What is needed: The records beneath should be restated word for word.

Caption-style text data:
□ □ □ □ □ □ □
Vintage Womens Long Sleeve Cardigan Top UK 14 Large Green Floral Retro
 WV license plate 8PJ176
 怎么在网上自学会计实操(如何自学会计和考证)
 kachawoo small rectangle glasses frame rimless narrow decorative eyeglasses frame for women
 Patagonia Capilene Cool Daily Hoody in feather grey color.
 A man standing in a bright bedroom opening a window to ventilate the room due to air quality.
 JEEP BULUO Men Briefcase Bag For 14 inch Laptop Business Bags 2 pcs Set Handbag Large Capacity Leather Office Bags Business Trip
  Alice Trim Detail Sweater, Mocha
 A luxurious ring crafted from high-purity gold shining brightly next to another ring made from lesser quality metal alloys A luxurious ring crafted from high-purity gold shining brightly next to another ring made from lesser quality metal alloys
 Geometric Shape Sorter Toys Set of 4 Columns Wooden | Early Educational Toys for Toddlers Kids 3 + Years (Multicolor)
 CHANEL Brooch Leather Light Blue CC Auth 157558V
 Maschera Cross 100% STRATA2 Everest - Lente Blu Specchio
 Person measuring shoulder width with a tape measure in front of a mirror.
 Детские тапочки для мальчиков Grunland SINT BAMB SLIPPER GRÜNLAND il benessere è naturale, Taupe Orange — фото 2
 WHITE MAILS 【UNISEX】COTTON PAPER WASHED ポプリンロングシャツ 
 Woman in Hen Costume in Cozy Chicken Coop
□ □ □ □ □ □ □
Task response:
Vintage Womens Long Sleeve Cardigan Top UK 14 Large Green Floral Retro
 WV license plate 8PJ176
 怎么在网上自学会计实操(如何自学会计和考证)
 kachawoo small rectangle glasses frame rimless narrow decorative eyeglasses frame for women
 Patagonia Capilene Cool Daily Hoody in feather grey color.
 A man standing in a bright bedroom opening a window to ventilate the room due to air quality.
 JEEP BULUO Men Briefcase Bag For 14 inch Laptop Business Bags 2 pcs Set Handbag Large Capacity Leather Office Bags Business Trip
  Alice Trim Detail Sweater, Mocha
 A luxurious ring crafted from high-purity gold shining brightly next to another ring made from lesser quality metal alloys A luxurious ring crafted from high-purity gold shining brightly next to another ring made from lesser quality metal alloys
 Geometric Shape Sorter Toys Set of 4 Columns Wooden | Early Educational Toys for Toddlers Kids 3 + Years (Multicolor)
 CHANEL Brooch Leather Light Blue CC Auth 157558V
 Maschera Cross 100% STRATA2 Everest - Lente Blu Specchio
 Person measuring shoulder width with a tape measure in front of a mirror.
 Детские тапочки для мальчиков Grunland SINT BAMB SLIPPER GRÜNLAND il benessere è naturale, Taupe Orange — фото 2
 WHITE MAILS 【UNISEX】COTTON PAPER WASHED ポプリンロングシャツ 
 Woman in Hen Costume in Cozy Chicken Coop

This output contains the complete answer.